バーチャルプロダクションは、スタジオの大型スクリーン等に3DCG等の仮想的な背景を投影し、その前に人や物を配置して撮影することで、現実の世界のような映像をつくり出す手法。現在、同社には「神田明神(東京都千代田区)」「銀座四丁目交差点(東京都中央区)」の高精細3DCGデータのラインアップがあり、今後はバーチャルプロダクションに加え、メタバースでのイベントや教育などの多用途で3DCGデータを活用し、文化資源の持続的な保護と魅力の発信を両立させて地域を活性化する取り組みなどを展開していく。
DNPは、リアルとバーチャルの空間を融合するXR(Extended Reality)の技術を用いて新しい体験と経済圏を創出する「XRコミュニケーション®事業」を推進している。その一環として、バーチャルプロダクション用背景データを制作・提供している。
今回制作した仁和寺「金堂」3DCGデータは、ソニーピーシーエル株式会社(ソニーPCL)が運用する高品質デジタル背景アセットライブラリーサービス「BACKDROP LIBRARY」で公開・ライセンス販売する。
仁和寺「金堂」3DCGデータの特長
仁和寺「金堂」は慶長年間(1596~1615年)に造営され、後に仁和寺に移設された日本に現存する最古の紫宸殿(ししんでん=内裏の正殿)。DNPは、文化財のアーカイブ事業などで培った独自技術で、宮殿建築ならではの細部の装飾や、時を経た外壁の木質など、文化財が持つ美しさや歴史的価値を3DCG上で精密に表現した。
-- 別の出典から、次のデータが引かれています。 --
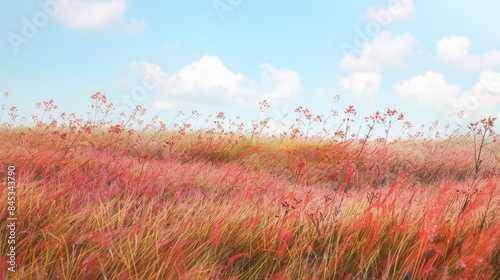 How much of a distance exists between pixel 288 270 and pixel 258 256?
35 centimetres

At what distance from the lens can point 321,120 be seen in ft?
40.3

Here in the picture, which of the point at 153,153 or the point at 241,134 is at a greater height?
the point at 241,134

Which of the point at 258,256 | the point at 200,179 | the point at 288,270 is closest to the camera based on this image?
the point at 288,270

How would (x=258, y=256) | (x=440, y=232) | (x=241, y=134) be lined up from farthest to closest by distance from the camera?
(x=241, y=134), (x=440, y=232), (x=258, y=256)

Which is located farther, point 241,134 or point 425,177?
point 241,134

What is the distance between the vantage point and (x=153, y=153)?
993 cm

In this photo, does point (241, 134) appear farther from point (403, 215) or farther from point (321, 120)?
point (403, 215)

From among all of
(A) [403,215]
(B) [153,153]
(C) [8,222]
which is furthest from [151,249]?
(B) [153,153]

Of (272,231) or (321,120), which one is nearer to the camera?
(272,231)

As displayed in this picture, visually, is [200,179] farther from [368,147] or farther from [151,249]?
[368,147]

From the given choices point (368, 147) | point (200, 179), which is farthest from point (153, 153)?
point (368, 147)

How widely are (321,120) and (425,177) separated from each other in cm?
295

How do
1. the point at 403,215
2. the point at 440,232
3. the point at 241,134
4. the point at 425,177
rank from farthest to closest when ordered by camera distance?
the point at 241,134
the point at 425,177
the point at 403,215
the point at 440,232

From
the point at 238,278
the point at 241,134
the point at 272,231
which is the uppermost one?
the point at 241,134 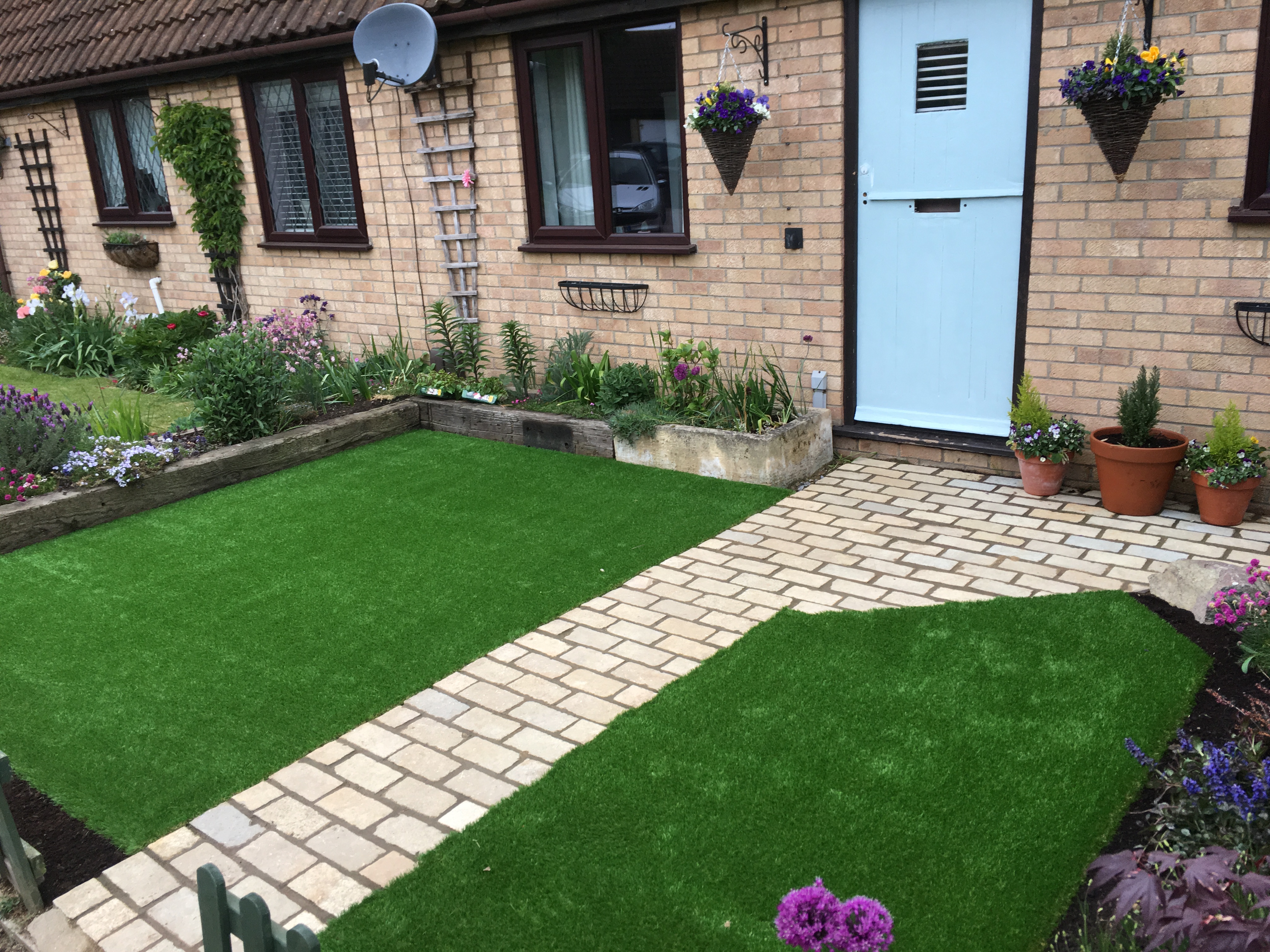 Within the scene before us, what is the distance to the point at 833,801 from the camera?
10.8 ft

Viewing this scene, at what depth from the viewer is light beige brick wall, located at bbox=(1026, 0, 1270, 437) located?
5.15m

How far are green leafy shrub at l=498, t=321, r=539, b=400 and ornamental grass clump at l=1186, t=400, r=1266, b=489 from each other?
194 inches

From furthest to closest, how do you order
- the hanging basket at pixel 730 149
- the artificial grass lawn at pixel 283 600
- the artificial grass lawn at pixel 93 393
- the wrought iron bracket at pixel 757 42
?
the artificial grass lawn at pixel 93 393
the wrought iron bracket at pixel 757 42
the hanging basket at pixel 730 149
the artificial grass lawn at pixel 283 600

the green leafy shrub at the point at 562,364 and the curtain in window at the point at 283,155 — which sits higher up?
the curtain in window at the point at 283,155

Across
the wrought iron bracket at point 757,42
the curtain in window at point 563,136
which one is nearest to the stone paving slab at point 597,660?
the wrought iron bracket at point 757,42

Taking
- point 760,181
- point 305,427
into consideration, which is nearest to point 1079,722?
point 760,181

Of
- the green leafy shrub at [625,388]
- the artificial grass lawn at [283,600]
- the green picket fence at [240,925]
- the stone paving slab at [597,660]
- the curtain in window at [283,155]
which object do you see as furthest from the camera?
the curtain in window at [283,155]

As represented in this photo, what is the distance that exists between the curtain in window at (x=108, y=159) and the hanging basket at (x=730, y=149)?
8.10 meters

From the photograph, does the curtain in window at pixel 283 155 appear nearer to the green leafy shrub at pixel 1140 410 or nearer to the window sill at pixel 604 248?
the window sill at pixel 604 248

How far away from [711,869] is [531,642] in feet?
5.81

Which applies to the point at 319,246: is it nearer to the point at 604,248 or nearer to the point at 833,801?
the point at 604,248

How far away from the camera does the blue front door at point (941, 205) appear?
5.89 m

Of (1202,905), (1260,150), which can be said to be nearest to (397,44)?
(1260,150)

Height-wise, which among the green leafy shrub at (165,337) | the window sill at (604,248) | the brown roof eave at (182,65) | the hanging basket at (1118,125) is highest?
the brown roof eave at (182,65) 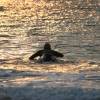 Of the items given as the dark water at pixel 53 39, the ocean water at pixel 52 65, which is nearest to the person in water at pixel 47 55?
the ocean water at pixel 52 65

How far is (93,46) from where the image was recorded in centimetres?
3516

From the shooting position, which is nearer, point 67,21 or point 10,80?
point 10,80

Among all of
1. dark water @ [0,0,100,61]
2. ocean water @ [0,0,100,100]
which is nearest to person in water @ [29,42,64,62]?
ocean water @ [0,0,100,100]

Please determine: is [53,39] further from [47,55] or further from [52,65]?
[52,65]

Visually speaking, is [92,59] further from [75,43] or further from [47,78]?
[47,78]

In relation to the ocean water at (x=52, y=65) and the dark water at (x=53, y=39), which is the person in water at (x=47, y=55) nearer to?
the ocean water at (x=52, y=65)

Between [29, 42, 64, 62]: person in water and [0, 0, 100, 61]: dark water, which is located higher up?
[29, 42, 64, 62]: person in water

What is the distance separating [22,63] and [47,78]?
859 centimetres

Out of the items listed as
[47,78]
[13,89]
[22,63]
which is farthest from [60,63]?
[13,89]

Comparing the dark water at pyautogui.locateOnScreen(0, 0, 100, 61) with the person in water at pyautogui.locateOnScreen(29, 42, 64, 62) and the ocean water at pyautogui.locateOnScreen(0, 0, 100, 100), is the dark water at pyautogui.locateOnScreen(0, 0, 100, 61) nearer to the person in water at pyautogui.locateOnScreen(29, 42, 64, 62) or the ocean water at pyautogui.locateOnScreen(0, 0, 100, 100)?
the ocean water at pyautogui.locateOnScreen(0, 0, 100, 100)

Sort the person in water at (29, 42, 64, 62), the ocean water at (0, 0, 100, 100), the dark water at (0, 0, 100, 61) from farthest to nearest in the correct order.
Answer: the dark water at (0, 0, 100, 61) → the person in water at (29, 42, 64, 62) → the ocean water at (0, 0, 100, 100)

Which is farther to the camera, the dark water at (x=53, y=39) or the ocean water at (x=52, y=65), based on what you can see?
the dark water at (x=53, y=39)

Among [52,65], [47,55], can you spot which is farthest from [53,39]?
[52,65]

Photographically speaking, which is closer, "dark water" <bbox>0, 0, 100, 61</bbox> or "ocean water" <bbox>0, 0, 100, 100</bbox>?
"ocean water" <bbox>0, 0, 100, 100</bbox>
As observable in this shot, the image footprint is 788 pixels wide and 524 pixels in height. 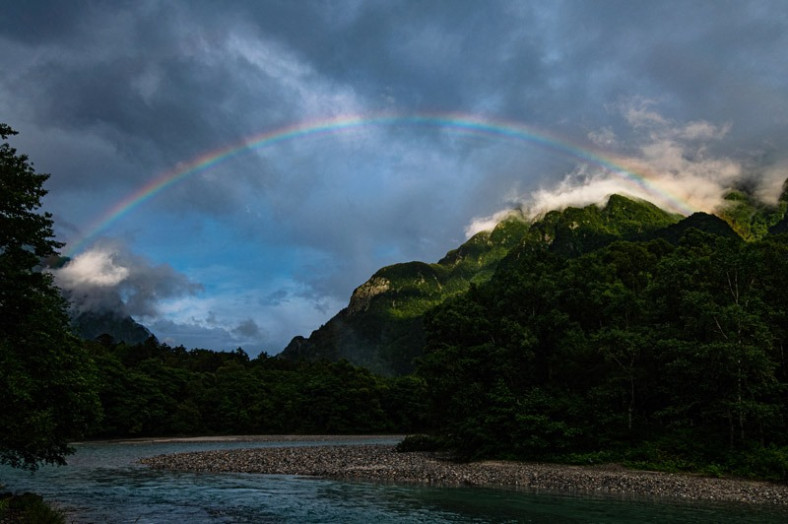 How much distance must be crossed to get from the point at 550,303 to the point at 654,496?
901 inches

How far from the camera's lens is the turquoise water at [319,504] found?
2903cm

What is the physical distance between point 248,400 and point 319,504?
332ft

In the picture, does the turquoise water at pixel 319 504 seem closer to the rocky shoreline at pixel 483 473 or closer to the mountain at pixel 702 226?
the rocky shoreline at pixel 483 473

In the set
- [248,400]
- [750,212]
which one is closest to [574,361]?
[248,400]

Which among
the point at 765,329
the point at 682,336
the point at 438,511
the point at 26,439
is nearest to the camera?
the point at 26,439

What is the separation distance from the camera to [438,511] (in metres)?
31.1

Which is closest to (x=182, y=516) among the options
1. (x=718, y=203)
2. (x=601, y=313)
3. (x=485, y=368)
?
(x=485, y=368)

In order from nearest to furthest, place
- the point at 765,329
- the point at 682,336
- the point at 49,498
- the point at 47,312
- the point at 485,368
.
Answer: the point at 47,312 → the point at 49,498 → the point at 765,329 → the point at 682,336 → the point at 485,368

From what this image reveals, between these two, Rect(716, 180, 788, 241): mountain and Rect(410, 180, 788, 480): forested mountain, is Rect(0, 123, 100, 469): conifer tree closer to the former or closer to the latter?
Rect(410, 180, 788, 480): forested mountain

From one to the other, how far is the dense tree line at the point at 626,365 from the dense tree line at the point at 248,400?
181 feet

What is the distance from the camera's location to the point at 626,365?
50469 mm

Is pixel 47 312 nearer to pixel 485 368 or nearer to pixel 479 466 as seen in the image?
pixel 479 466

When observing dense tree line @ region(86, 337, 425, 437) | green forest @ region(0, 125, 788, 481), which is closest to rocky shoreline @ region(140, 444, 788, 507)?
green forest @ region(0, 125, 788, 481)

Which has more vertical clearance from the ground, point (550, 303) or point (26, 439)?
point (550, 303) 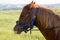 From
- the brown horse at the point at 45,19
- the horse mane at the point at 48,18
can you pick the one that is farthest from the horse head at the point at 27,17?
the horse mane at the point at 48,18

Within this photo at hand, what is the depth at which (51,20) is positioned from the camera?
6793 millimetres

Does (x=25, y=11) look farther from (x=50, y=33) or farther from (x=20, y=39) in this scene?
(x=20, y=39)

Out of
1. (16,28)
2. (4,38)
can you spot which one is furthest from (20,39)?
(16,28)

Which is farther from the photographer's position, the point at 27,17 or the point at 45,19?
the point at 27,17

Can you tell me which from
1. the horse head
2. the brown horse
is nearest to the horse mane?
the brown horse

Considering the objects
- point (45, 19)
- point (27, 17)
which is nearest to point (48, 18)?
point (45, 19)

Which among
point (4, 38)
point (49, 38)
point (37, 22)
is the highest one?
point (37, 22)

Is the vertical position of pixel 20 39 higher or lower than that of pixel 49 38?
lower

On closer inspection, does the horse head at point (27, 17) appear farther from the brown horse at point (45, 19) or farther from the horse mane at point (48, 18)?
the horse mane at point (48, 18)

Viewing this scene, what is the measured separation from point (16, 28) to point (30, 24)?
514 mm

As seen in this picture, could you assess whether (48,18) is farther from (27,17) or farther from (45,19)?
(27,17)

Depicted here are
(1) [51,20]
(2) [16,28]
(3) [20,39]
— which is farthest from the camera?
(3) [20,39]

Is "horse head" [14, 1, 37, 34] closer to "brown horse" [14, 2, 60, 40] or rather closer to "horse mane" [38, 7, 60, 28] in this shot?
"brown horse" [14, 2, 60, 40]

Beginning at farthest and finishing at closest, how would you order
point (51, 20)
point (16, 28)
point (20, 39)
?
point (20, 39) < point (16, 28) < point (51, 20) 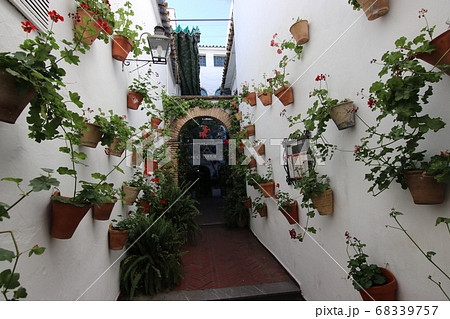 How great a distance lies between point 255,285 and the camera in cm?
316

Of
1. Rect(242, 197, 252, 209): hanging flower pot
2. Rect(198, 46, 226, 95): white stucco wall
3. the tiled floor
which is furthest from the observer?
Rect(198, 46, 226, 95): white stucco wall

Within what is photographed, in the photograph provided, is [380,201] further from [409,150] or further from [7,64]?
[7,64]

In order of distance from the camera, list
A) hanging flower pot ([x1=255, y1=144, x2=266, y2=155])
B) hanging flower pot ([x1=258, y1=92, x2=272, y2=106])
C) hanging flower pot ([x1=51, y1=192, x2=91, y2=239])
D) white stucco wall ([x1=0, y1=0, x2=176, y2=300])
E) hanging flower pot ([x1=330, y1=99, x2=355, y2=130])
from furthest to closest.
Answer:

世界遺産である仁和寺「金堂」の画像データをバーチャルプロダクションの背景にすることで、臨場感あふれる希少な映像の制作が可能になる。映像の視聴者が現地を訪れたような体験をすることで、仁和寺「金堂」の美しさや歴史的価値に対する理解と関心を深めることにもつながる。
DNPは、国内外で3,000件以上の豊富な計測実績を持つ協力会社と連携し、同社保有の“点群データ”を活かしたバーチャルプロダクション用データを提供する。同社の計測済み“点群データ”を活用することで、制作工程の負荷を低減し、背景(ロケーション)データの早期提供を可能にする。